Should register as company or llp under startup?

Should register as company or llp under startup?

Benefits Of LLP over Company:-

1. No limit on owners of business

LLP requires minimum 2 partners. There is no limit on maximum partners unlike a private limited company wherein there is a restriction of not having more than 200 members.

2. No requirement of minimum contribution

As against company in which one needs a minimum conribution of Rs. 1,00,000 in case of private limited and for public limited company for which the minimum contribution is Rs. 5,00,000, there is no minimum capital requirement in LLP. An LLP can be formed with least possible capital.

Moreover, the contribution of a partner may consist of tangible, movable or immovable or intangible property or other benefit to the LLP.

3. Lower cost of Formation

The cost of registering LLP is low as compared to cost of incorporating a private limited or a public limited company.

4. No requirement of compulsory Audit

All the companies, whether private or public, irrespective of their share capital, are required to get their accounts audited. But in case of LLP, there is no such mandatory requirement. A Limited Liability Partnership is required to get the audit done only if:-

a. If the contributions of the LLP exceeds Rs. 25 Lakhs, or

b. If the annual turnover of the LLP exceeds Rs. 40 Lakhs

5. Lower compliance burden resulting in savings

Approximately at least 8 to10 compliances per annum are required to be made by a private limited company whereas a Limited Liability Partnership is required to file only the Annual Return & a Statement of Accounts & Solvency.

6. Taxation Aspect on LLP

For income tax purpose, LLP is treated at par with partnership firms. Thus, LLP is liable for payment of income tax and share of its partners in LLP is not liable to tax. Thus no dividend distribution tax is payable. Provision of 'deemed dividend' under income tax law, is not applicable to LLP.

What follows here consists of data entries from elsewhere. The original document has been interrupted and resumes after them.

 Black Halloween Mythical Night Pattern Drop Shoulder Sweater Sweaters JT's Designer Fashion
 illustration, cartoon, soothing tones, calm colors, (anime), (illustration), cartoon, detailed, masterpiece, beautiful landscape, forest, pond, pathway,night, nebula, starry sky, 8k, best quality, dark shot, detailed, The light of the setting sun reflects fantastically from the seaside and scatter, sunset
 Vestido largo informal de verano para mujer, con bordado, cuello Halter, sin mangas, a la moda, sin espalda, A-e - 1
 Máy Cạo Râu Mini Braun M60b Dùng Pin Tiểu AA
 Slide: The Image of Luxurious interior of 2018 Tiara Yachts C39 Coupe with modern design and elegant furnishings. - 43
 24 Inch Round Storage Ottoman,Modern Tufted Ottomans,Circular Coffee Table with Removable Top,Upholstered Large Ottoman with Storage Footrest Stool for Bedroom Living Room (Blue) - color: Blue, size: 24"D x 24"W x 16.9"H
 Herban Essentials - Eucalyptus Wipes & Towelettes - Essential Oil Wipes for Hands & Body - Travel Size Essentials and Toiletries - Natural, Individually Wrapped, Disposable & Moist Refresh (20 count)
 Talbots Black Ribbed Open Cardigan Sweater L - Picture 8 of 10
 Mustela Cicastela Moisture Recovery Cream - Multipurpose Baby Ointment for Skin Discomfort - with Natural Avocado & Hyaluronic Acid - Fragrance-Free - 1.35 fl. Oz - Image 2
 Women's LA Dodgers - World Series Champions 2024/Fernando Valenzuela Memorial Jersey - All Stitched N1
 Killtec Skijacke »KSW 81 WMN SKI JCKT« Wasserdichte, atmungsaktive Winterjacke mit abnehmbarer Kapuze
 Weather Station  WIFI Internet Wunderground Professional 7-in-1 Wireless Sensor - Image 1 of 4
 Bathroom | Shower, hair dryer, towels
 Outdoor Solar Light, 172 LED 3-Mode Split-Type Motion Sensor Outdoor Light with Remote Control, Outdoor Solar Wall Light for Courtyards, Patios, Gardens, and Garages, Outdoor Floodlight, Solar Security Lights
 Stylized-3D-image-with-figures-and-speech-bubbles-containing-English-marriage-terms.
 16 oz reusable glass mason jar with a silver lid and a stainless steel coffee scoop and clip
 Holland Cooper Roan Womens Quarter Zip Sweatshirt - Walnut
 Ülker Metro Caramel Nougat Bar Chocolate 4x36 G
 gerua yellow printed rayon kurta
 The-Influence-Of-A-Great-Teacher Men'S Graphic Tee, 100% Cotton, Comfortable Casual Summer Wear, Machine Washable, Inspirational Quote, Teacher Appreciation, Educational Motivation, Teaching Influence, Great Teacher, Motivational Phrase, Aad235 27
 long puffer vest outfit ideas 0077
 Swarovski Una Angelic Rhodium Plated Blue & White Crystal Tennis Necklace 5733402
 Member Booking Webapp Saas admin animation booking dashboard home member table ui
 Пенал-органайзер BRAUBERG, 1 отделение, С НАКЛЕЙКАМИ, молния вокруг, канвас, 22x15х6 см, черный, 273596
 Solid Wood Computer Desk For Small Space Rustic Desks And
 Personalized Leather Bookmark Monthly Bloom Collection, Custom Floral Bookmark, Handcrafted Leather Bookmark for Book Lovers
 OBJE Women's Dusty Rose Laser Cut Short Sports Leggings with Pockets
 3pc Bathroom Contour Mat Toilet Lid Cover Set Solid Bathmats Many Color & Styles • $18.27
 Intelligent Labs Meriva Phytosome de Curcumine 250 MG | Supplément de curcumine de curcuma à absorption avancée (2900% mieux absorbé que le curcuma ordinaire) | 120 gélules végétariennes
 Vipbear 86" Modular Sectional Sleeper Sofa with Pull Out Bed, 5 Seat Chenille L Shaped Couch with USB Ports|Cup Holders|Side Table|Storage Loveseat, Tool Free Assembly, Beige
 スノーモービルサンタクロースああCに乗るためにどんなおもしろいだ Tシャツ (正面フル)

Section 40(b): Interest to partners, any payment of salary, bonus, commission or remuneration allowed as deduction in the hands of Limited Liability Partnership.

7. Dividend Distribution Tax (DDT) not applicable

In the case of a company, if the owners to withdraw profits from company, an additional tax liability in the form of DDT @ 15% (plus surcharge & education cess) is payable by company. However no such tax is payable in the case of LLP and profits of a LLP can be easily withdrawn by the partners.

8. Converting from Partnership to LLP

LLP and general partnership is being treated as equivalent (except for recovery purpose) in the Act, the conversion from a general partnership firm to an LLP will have no tax implication, if the rights and obligation of the partners remain the same after conversion and if there is no transfer of any asset or liability after conversion. If there is a violation of these conditions , the provision of capital gain will apply.

9. Converting from company to LLP

Conversion from company is possible. The capital gain on conversion of company in to LLP is exempt if the conditions of section 47(xiiib) are followed.

10. Demerits of LLP

LLP as well have some limitations within. Some of them can be summarized as below.

a. Any act of the partner without the other partner, may bind the LLP

b. LLP Cannot raise money from public.

Benefits of Companies over Limited Liability Partnerships:-

  1. Private Limited Companies are well established phenomenon across the world and enjoy widespread recognition. Almost every country on the globe has well established procedures regarding them, which helps in expanding the business. LLPs, on the other hand, have emerged recently. The rules and regulations regarding them are still evolving.
  2. LLP’s cannot have any third-party shareholders or any new shares issued. Transfer of shares is more complicated matter in terms of LLP’s over the Companies. Hence, in case of issuing stock options to employees or to recieve funding from any other resource, one needs to consider Private Limited Company over the Limited Liability Partnership.

Hence, it can be concluded that both Companies as well as Limited Liabiity Partnership’s have their own merits and demerits and it is also the nature of business to be carried on which should be considered before getting the business registered or incorporated.